The bill meaningfully strengthens cybersecurity across the healthcare sector—especially for rural and tribal providers—through funding, standards, and coordination, but does so at increased federal and provider cost while introducing privacy, implementation, and compliance risks that could disproportionately burden smaller providers and affect patients.
Nearly all patients and healthcare providers (hospitals, health systems, clinicians) will get stronger, sector‑wide cybersecurity protections — including standardized technical practices, coordinated threat sharing, and incident recovery planning — which should reduce the frequency and impact of data breaches and service disruptions.
Rural, tribal, and smaller nonprofit providers will receive prioritized grant funding, tailored guidance, and technical assistance to close capacity gaps and improve equity in cybersecurity readiness.

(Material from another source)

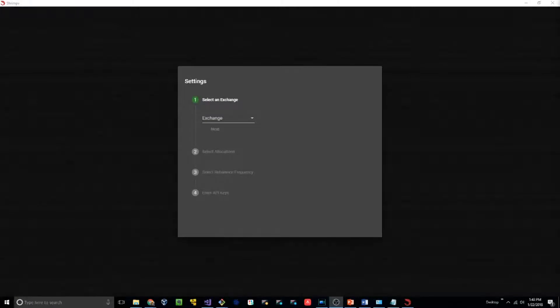Hello everyone, this video is going to be a brief introduction to Shrimpy. The first thing that you see when you load up the application for the first time is the settings. These settings need to be set before you can load into the application.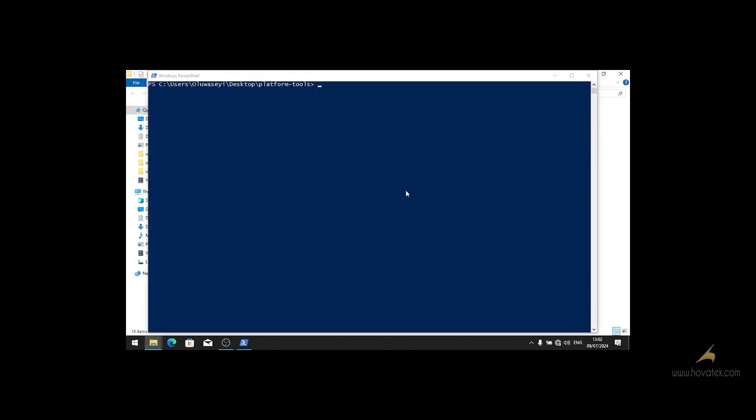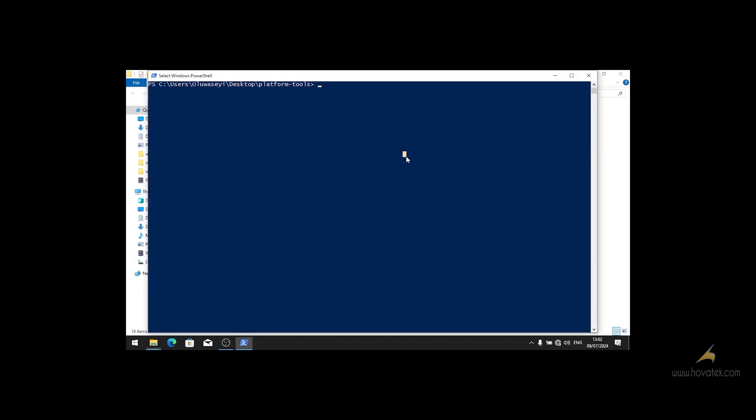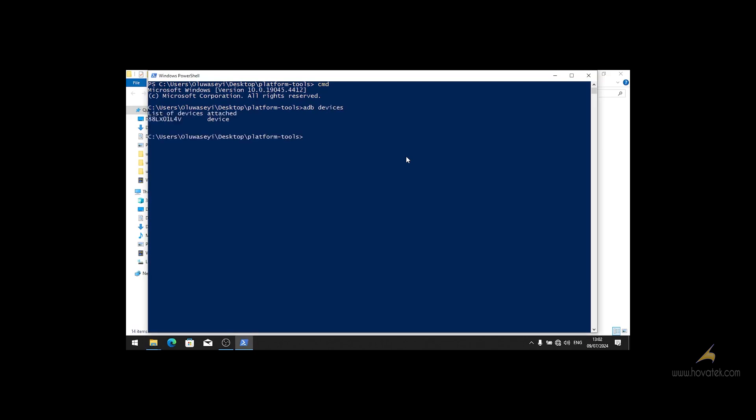Then you input this command: adb devices. This should list devices attached. You should see your device listed there.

Healthcare workers and prospective cybersecurity professionals will gain standardized training and workforce-development programs aligned with NIST/NICE, expanding the sector’s skilled cybersecurity workforce and improving incident response.
U.S. taxpayers will fund new appropriations, federal programs, and staffing for HHS/CISA coordination, increasing federal spending over FY2026–FY2030.
Smaller, rural, and nonprofit providers face significant administrative and compliance burdens and up‑front costs to apply for grants, implement standards (encryption, MFA, pen testing), document recognized practices, and meet reporting requirements.
Providers may pass implementation and compliance costs onto patients or reduce services, which could raise healthcare costs for patients and families.